We are having an odd DNS problem and I’ve been receiving a lot of good help from many wonderful folks on Twitter. However, we are trying to solve this in 140 characters and that is proving difficult so here is the whole story. If this fails the next step is to contact the friendly folks at Microsoft for only $500.
We run Active Directory Integrated DNS on Windows Server 2003. We have a single DNS server that works fine but we are migrated from our physical Server 2003 box to our virtual farm. Our virtual servers are running Server 2008 R2. The plan was, and hopefully still is, to add a Server 2008 R2 Domain Controller with DNS, allow it to replicate the DNS via Active Directory, and then point all the clients to the new DNS server. After sufficient time for that to take place then we would remove our old 2003 DNS server and just be running on the new 2008 R2 server.
I ran dcpomo on the 2008 R2 server, which added DNS, and the replication started. Everything went just as numerous articles said it would. The problem is that the new DNS server will not reliably resolve external domain names. It works fine internally but now when going upstream to our external DNS server, which is provided by our local fiber internet service.
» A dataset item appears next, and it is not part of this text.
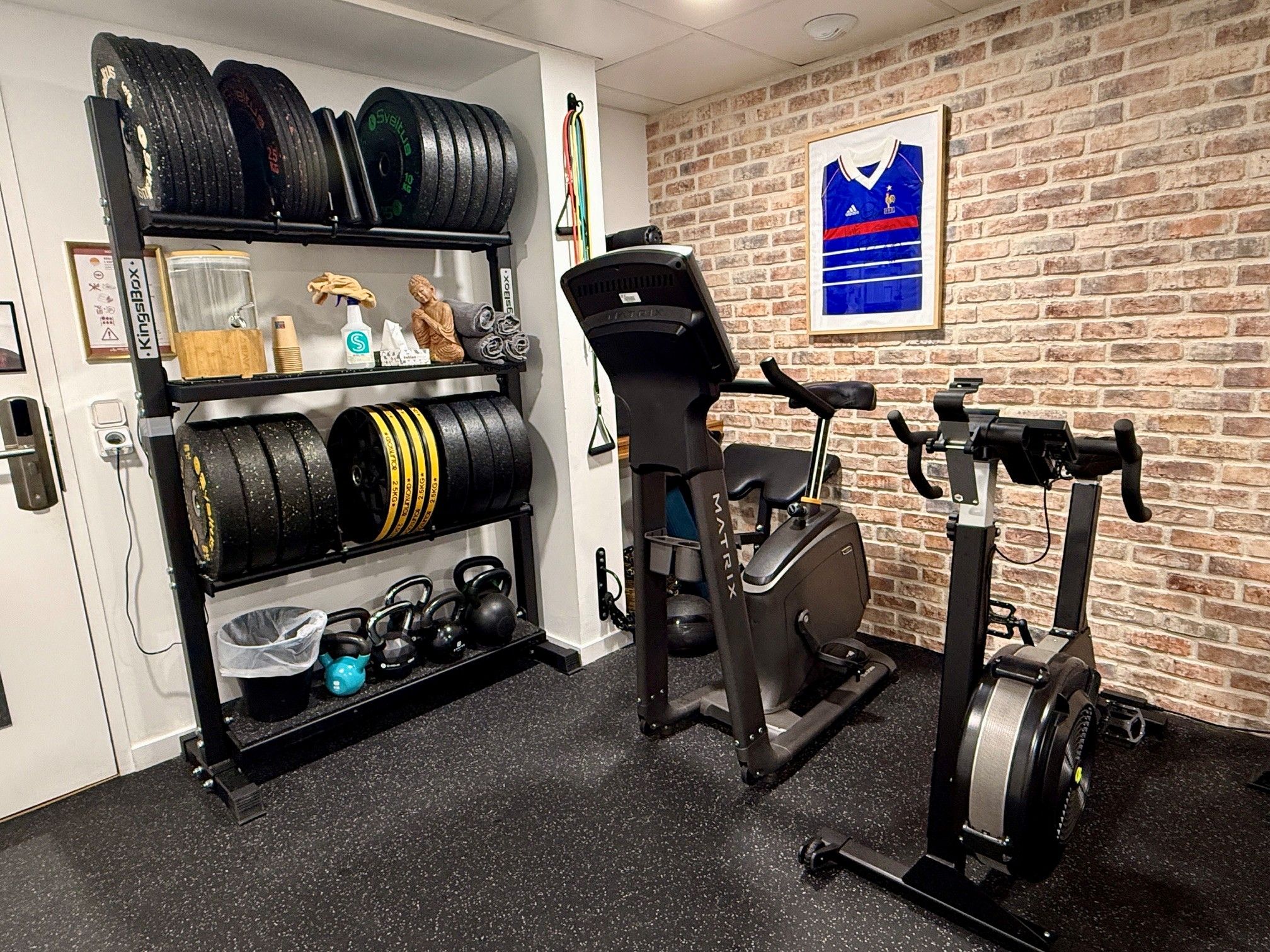 A home gym with a brick wall, a framed sports jersey, and exercise equipment including a treadmill and stationary bike.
When you run an nslookup on the new 2008 R2 DNS server you get a time-out the first try. You can then run it a second time at which point it works and will continue to work until you try a different domain. So if you nslookup yahoo.com the first response will be a time-out. The second and each subsequent time it will work fine until you switch and try google.com. Then that one will work but if you go back and try yahoo.com again it will time-out the first time.
The AD integration part is working as both the old 2003 DNS server and the new 2008 R2 DNS server are keeping each other up-to-date however for reasons we haven’t uncovered yet the 2008 R2 server is not resolving external names.
We have confirmed that our firewall is EDNS and DNSSEC compatible and passes the larger UDP packets. We have also tried disabling EDNS on the server but it has no effect. Whether on or off the time-out still occurs.
Seems we are missing something obvious but what?